Bernanke Encourages Return to Original TARP Mandate, Remove Toxic Mortgages
- By:
- Bill Rice | Thu, 01/15/2009
Two of the Federal Reserves top officials advocated a refocusing on ridding bank balance sheets of toxic mortgage assets. In recent statements, both Federal Reserve Chairman Ben Bernanke and Vice Chairman Donald Kohn highlighted the adverse effects these illiquid mortgage assets are having on the proper functioning of financial institutions and credit markets.
The Federal Reserve is returning attention to the role that these troubled assets play in undermining the proper assessment of the "underlying value" of banks and preventing "private investment and new lending."
Sounding like a voice from the past Bernanke and Kohn are essentially making the same case that was brought before the Congress by US Treasury Secretary Paulson in October 2008. A presentation and fact pattern that eventually secured $700 billion for a Troubled Asset Relief Program to precisely remove these toxic mortgage from bank balance sheets.
However, once secured Paulson--supported by the Federal Reserve--took a radically different path with TARP funds. An initial $350 billion in bank capital infusions, whose accountability is now being questioned. This may raise some constituent concern as regulators call for immediate release of the remaining $350 billion from Congress.

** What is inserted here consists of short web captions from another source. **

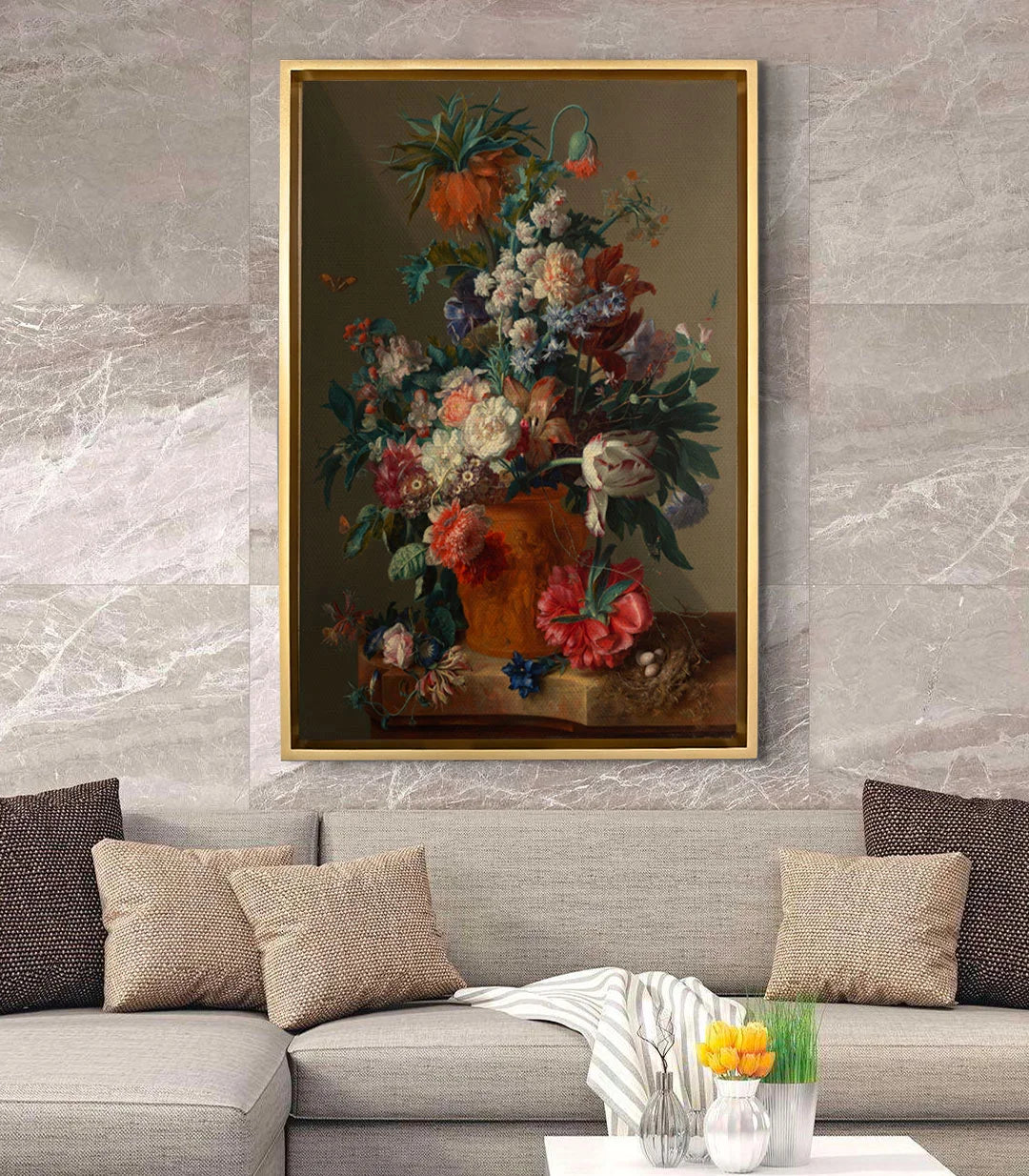 Cuadro Jarrón de Flores — ambientación en interior clásico elegante, Massinart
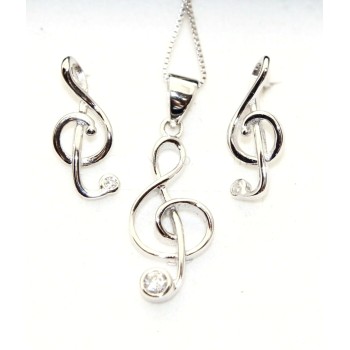 NSA|Set music treble 925 silver necklace Earrings matching in box NonSoloArgenti ROMA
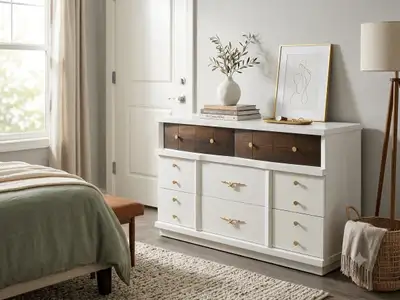Solid wood MCM Dresser, View more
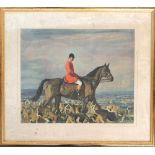 After Sir Alfred Munnings, 'The Huntsman' published 1953 by Frost & Reed, 49x60cm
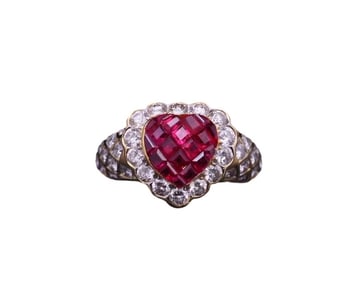 RETRO 18K GOLD RUBY BROOCH
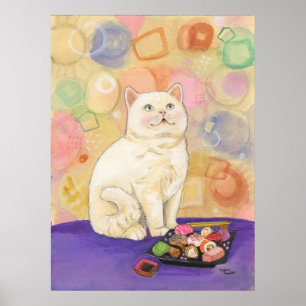 Sushi Cat 1980 Daydröm Skriv ut Poster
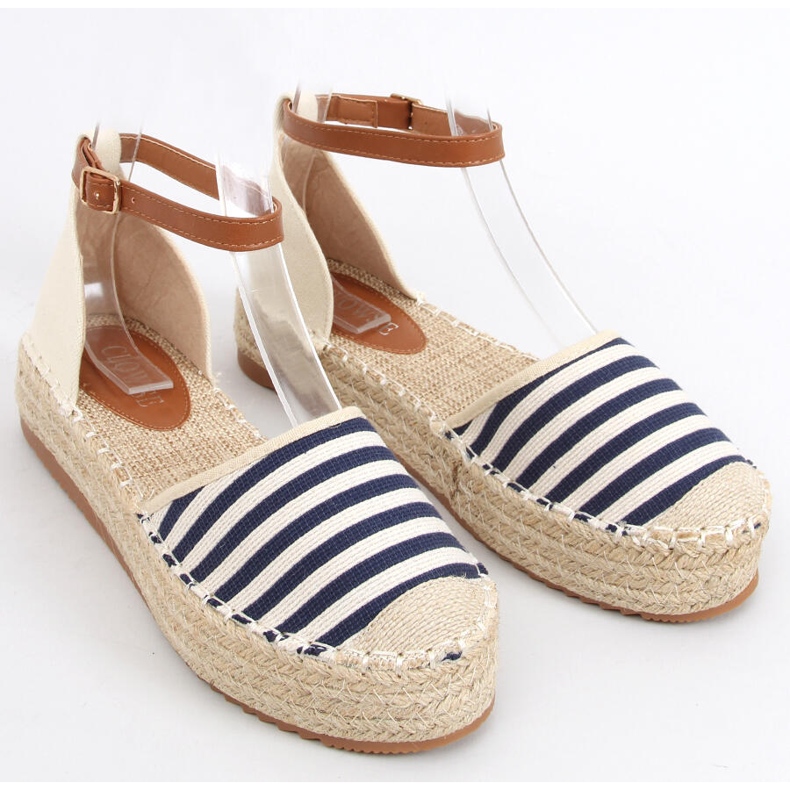 Espadryle w paski Gema Blue granatowe 1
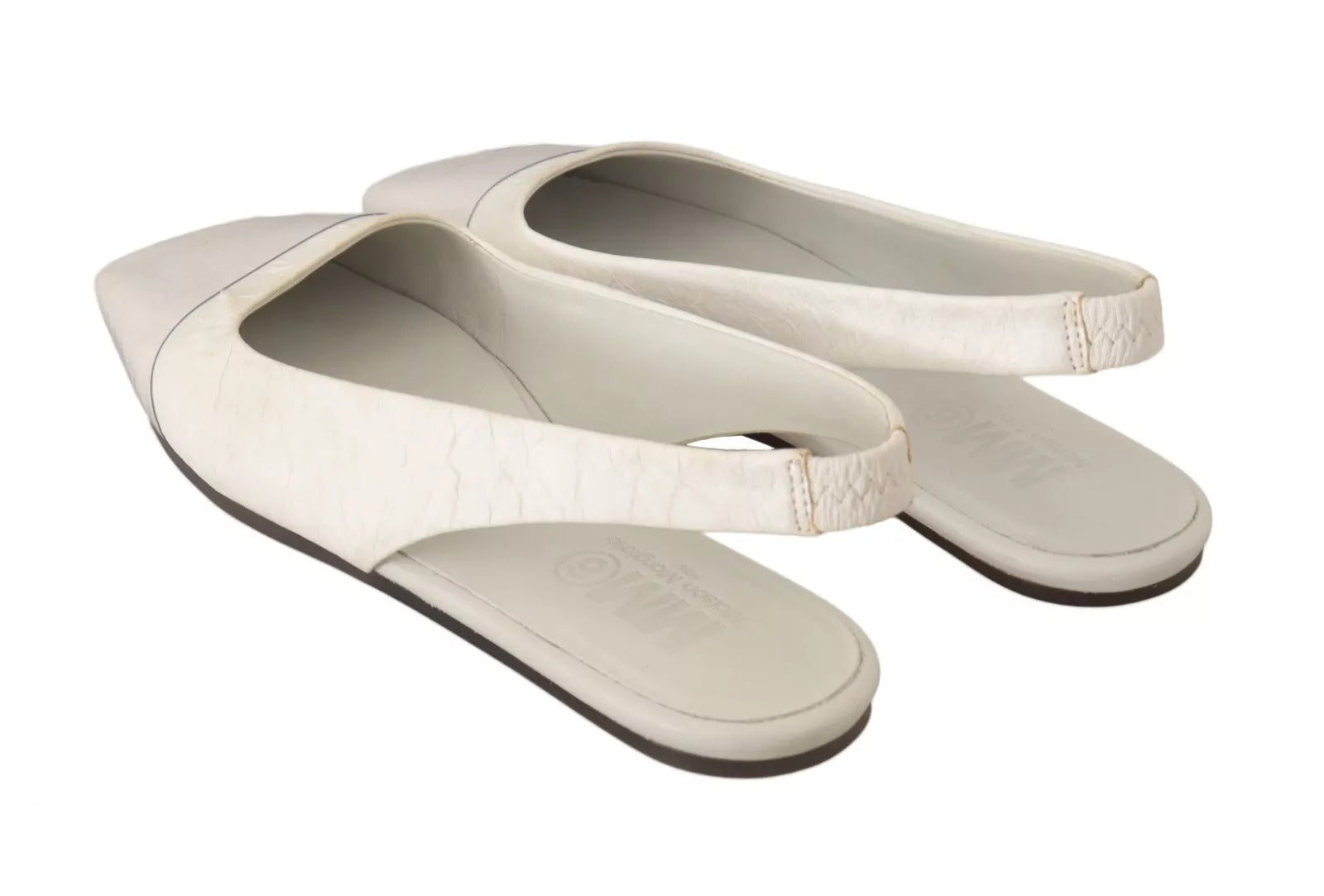 Zapatos planos sin cordones de cuero blanco de Maison Margiela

Democratic lawmakers, like House Financial Services Committe Chairman Barney Frank (D-MA) seem much more determined to get the remaining TARP funds directly to US homeowners. Democrats are advocating foreclosure prevention programs like loan modifications.
Meanwhile, Republican House members, like Spencer Bachus (R-AL) are cautioning that TARP has served its emergency purpose and the remaining $350 billion is likely to turn into a "grab bag" of special interests pandering.
Bernake and other banking analyst are convinced we are still at square one with banks fighting insolvency and becoming comfortable enough with capital reserves to really begin lending properly. Recent San Francisco and Seattle FHLB announcements of measures to conserve capital seem to support this line of analysis.